ESPE2021 ePoster Category 2 Growth and syndromes (to include Turner syndrome) (56 abstracts)
1Student Scientific Society of Pediatric Endocrinology, Poznan University of Medical Sciences, Poznan, Poland; 2Department of Pediatric Endocrinology and Rheumatology, Institute of Pediatrics, Poznan University of Medical Sciences, Poznan, Poland
Introduction: The tricho-rhino-phalangeal syndrome type 1 (TRPS 1), also known as Langer-Giedion syndrome, is an uncommon genetic disorder. This disease is characterized by short stature, cone-shaped ends of the long bones (epiphyses), and distinctive facial features linked to skeletal abnormalities since early childhood. The experience with recombinant growth hormone (rGH) therapy in TRPS 1 is relatively poor. The aim of the study is to present the results of rGH therapy in a 14-year-old boy with TRPS1, coexisting with growth hormone deficiency and osteoporosis.
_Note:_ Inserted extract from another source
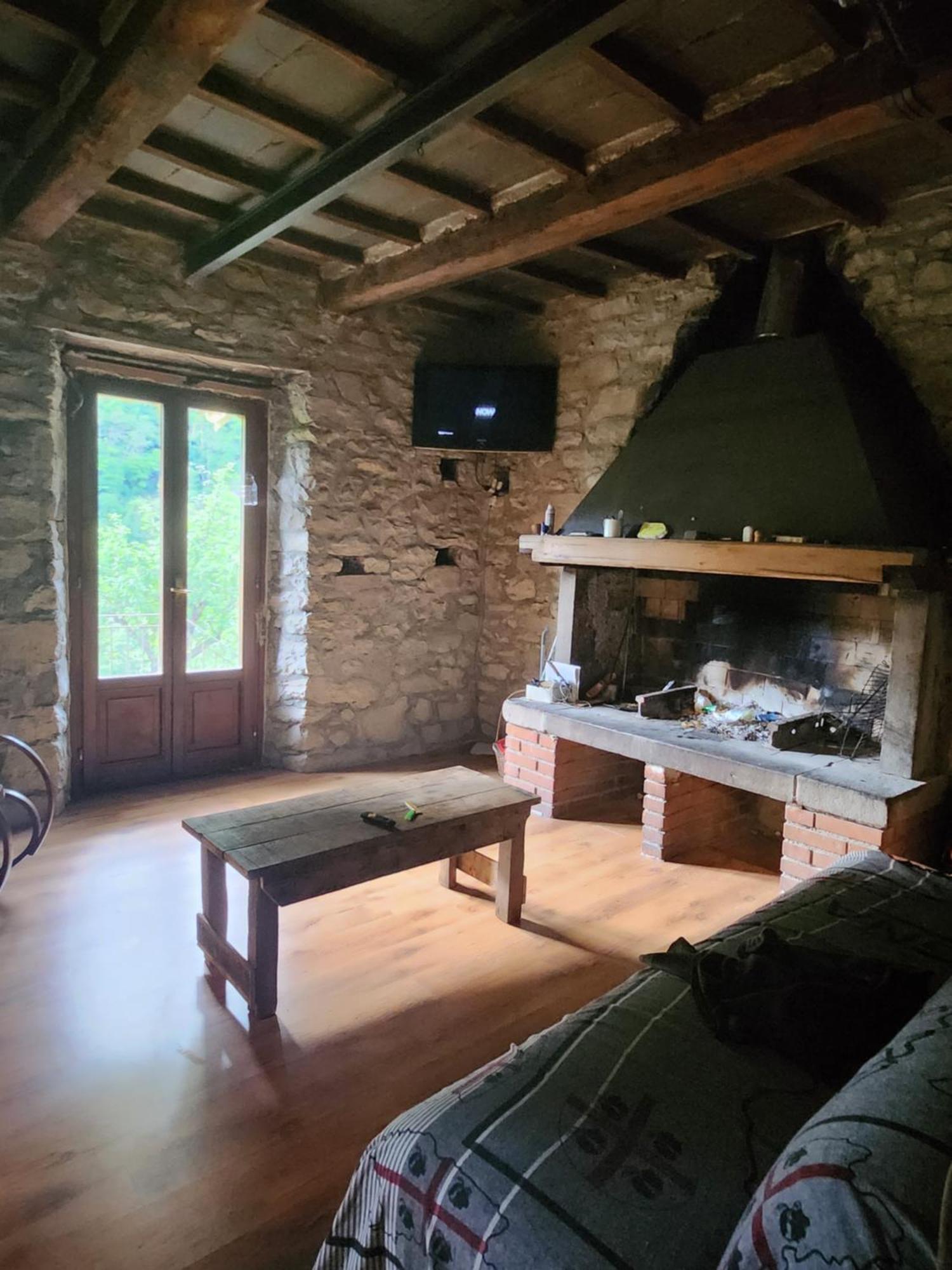 Villa Contea Del Piano Piteglio Esterno foto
Patient report: The patient was born at 37th Hbd, with a birth weight 2890g. Target height based on parental height was 174 cm. He presented delayed motor development in the first months of life. Since the age of 2y, the height was classified below the 3rd centile. At the age of 4y, because of distinctive facial dysmorphia such as round face, hypertelorism, wide eyebrows, bulbous nose, long philtrum, thin upper lip, low-set posteriorly rotated ears, hypertrichosis, and short stature TRPS 1 was suspected. Molecular testing revealed a submicroscopic deletion localized on the long arm of chromosome 8 (region 8q23.1-q23.3), which involved the TRPS1 gene, confirming the diagnosis. Due to short stature and deceleration of growth velocity at the age of 3y, GH secretion testing was performed. After clonidine and arginine stimulation, the peak GH level was 5.7 ng/ml and 2.1 ng/ml, respectively. GH deficiency was diagnosed. IGF-1 level was also below the normal range for age and sex (32 ng/ml). MRI of the pituitary was normal. rGH treatment was started at the age of 5.5 y when his height was 101 cm (htSDS = -3). At the age of 6y, he had a fracture of the clavicle and elbow bone. Low mineral density was observed in densitometry (Z-score of lumbar region -2.3). Vitamin D3 and oral calcium supplementations were initiated. Currently, at the age of 14y, his height reached 155.5 cm (htSDS = -1.4), and the predicted adult height (PAH) is 180 cm. The current pubertal stage is as follows: A3, P3, and testicular volume 15 ml. No side effects of rGH treatment were observed to date.
Conclusions: Almost nine-year observation of rGH therapy confirms its efficacy in TRPS 1. Moreover, initiation of rGH therapy early in life resulted in increased growth velocity, gives a satisfactory prognosis for PAH in further treatment.